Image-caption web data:

▬▬▬▬▬▬▬▬▬▬

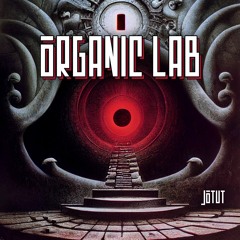 ORGANIC LAB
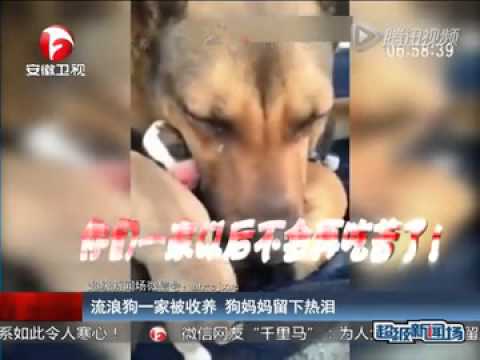 2015 05 11期 流浪狗一家被收养 狗妈妈流下两行热泪   高清在线观看   腾讯视频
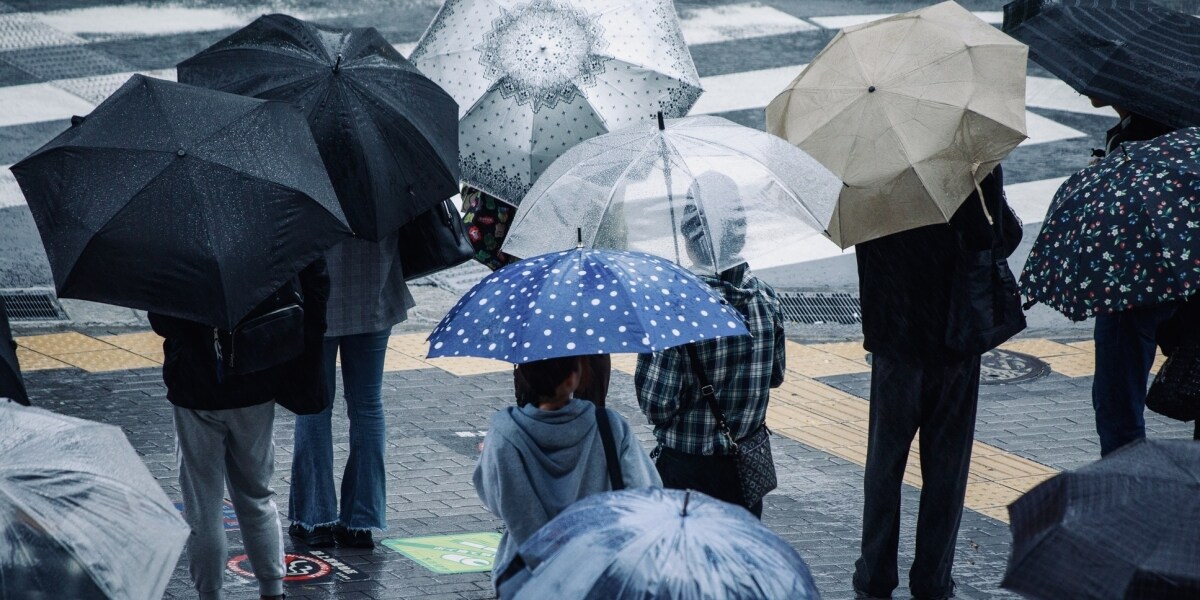 台風でも出社しなきゃダメ？「明日は在宅」「通常出社」分かれる対応、法的ポイントは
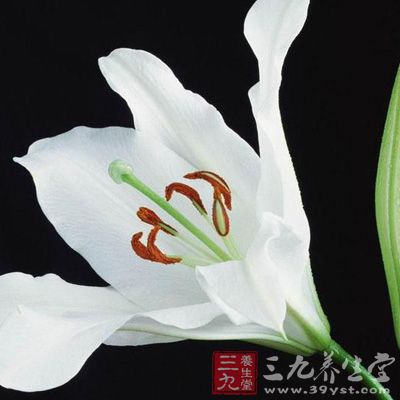 百合入心經(jīng)，性微寒，能清心除煩，寧心安神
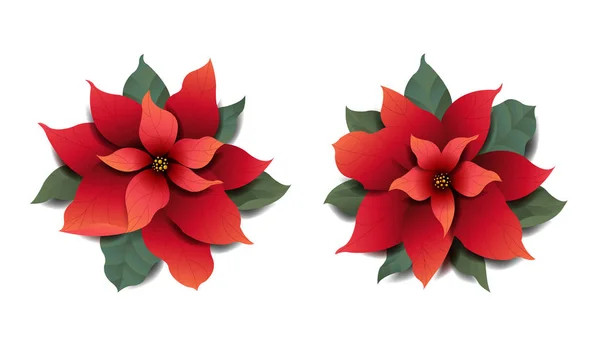 Red Poinsettia Elszigetelt Átlátható Háttér Vektor Illusztráció — Stock Vector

▬▬▬▬▬▬▬▬▬▬

Copy out every entry above, character for character, excluding pictures.

 ORGANIC LAB
 2015 05 11期 流浪狗一家被收养 狗妈妈流下两行热泪   高清在线观看   腾讯视频
 台風でも出社しなきゃダメ？「明日は在宅」「通常出社」分かれる対応、法的ポイントは
 百合入心經(jīng)，性微寒，能清心除煩，寧心安神
 Red Poinsettia Elszigetelt Átlátható Háttér Vektor Illusztráció — Stock Vector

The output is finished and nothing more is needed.